■ **What needs to be done**
Without any change, set down every record below.

■ **Material for this exercise**
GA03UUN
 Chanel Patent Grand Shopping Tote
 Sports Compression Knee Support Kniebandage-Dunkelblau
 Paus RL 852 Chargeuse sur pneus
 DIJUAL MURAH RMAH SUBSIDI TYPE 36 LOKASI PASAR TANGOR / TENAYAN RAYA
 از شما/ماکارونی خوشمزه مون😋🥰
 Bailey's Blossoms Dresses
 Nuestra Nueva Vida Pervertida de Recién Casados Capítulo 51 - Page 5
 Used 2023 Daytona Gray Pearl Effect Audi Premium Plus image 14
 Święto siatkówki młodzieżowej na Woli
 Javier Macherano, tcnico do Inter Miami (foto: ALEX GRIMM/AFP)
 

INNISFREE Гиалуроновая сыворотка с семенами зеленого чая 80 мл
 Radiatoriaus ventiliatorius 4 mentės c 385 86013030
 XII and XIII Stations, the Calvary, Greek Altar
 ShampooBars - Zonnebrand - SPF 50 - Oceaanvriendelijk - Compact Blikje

■ **Output for this exercise**
GA03UUN
 Chanel Patent Grand Shopping Tote
 Sports Compression Knee Support Kniebandage-Dunkelblau
 Paus RL 852 Chargeuse sur pneus
 DIJUAL MURAH RMAH SUBSIDI TYPE 36 LOKASI PASAR TANGOR / TENAYAN RAYA
 از شما/ماکارونی خوشمزه مون😋🥰
 Bailey's Blossoms Dresses
 Nuestra Nueva Vida Pervertida de Recién Casados Capítulo 51 - Page 5
 Used 2023 Daytona Gray Pearl Effect Audi Premium Plus image 14
 Święto siatkówki młodzieżowej na Woli
 Javier Macherano, tcnico do Inter Miami (foto: ALEX GRIMM/AFP)
 

INNISFREE Гиалуроновая сыворотка с семенами зеленого чая 80 мл
 Radiatoriaus ventiliatorius 4 mentės c 385 86013030
 XII and XIII Stations, the Calvary, Greek Altar
 ShampooBars - Zonnebrand - SPF 50 - Oceaanvriendelijk - Compact Blikje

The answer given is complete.